But the Crusades arrive. They are a great popular movement, and every great popular movement, whatever may be its cause and object, always sets free the spirit of liberty from its final precipitate. New things spring into life every day. Here opens the stormy period of the Jacqueries, Pragueries, and Leagues. Authority wavers, unity is divided. Feudalism demands to share with theocracy, while awaiting the inevitable arrival of the people, who will assume the part of the lion: Quia nominor leo. Seignory pierces through sacerdotalism; the commonality, through seignory. The face of Europe is changed. Well! the face of architecture is changed also. Like civilization, it has turned a page, and the new spirit of the time finds her ready to write at its dictation. It returns from the crusades with the pointed arch, like the nations with liberty.

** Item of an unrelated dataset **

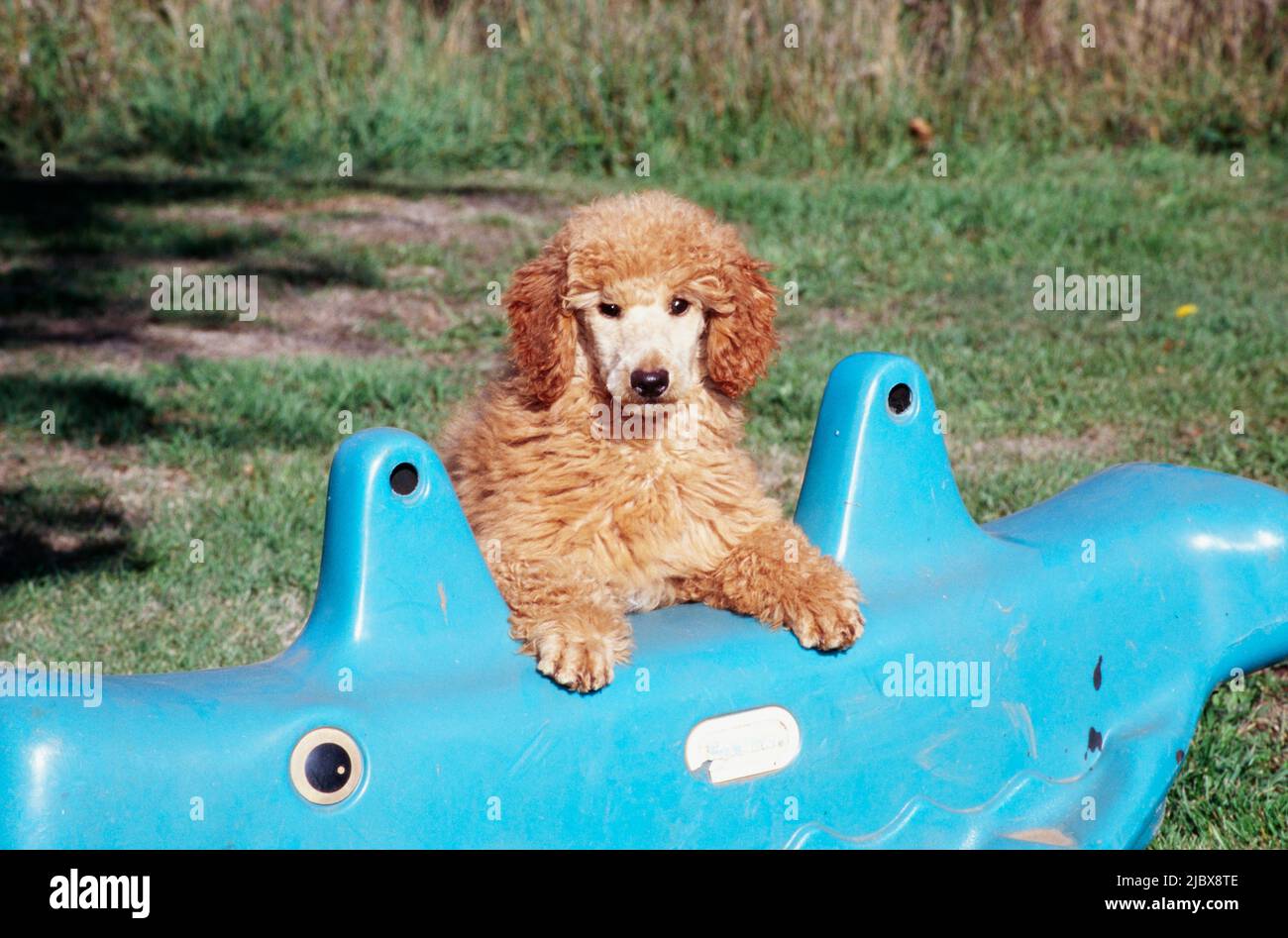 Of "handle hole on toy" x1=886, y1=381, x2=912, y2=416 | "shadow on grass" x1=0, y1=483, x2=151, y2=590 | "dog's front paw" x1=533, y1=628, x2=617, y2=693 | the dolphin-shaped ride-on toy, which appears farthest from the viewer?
"shadow on grass" x1=0, y1=483, x2=151, y2=590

Then, while Rome is undergoing gradual dismemberment, Romanesque architecture dies. The hieroglyph deserts the cathedral, and betakes itself to blazoning the donjon keep, in order to lend prestige to feudalism. The cathedral itself, that edifice formerly so dogmatic, invaded henceforth by the bourgeoisie, by the community, by liberty, escapes the priest and falls into the power of the artist. The artist builds it after his own fashion. Farewell to mystery, myth, law. Fancy and caprice, welcome. Provided the priest has his basilica and his altar, he has nothing to say. The four walls belong to the artist. The architectural book belongs no longer to the priest, to religion, to Rome; it is the property of poetry, of imagination, of the people. Hence the rapid and innumerable transformations of that architecture which owns but three centuries, so striking after the stagnant immobility of the Romanesque architecture, which owns six or seven. Nevertheless, art marches on with giant strides. Popular genius amid originality accomplish the task which the bishops formerly fulfilled. Each race writes its line upon the book, as it passes; it erases the ancient Romanesque hieroglyphs on the frontispieces of cathedrals, and at the most one only sees dogma cropping out here and there, beneath the new symbol which it has deposited. The popular drapery hardly permits the religious skeleton to be suspected. One cannot even form an idea of the liberties which the architects then take, even toward the Church. There are capitals knitted of nuns and monks, shamelessly coupled, as on the hall of chimney pieces in the Palais de Justice, in Paris. There is Noah’s adventure carved to the last detail, as under the great portal of Bourges. There is a bacchanalian monk, with ass’s ears and glass in hand, laughing in the face of a whole community, as on the lavatory of the Abbey of Bocherville. There exists at that epoch, for thought written in stone, a privilege exactly comparable to our present liberty of the press. It is the liberty of architecture.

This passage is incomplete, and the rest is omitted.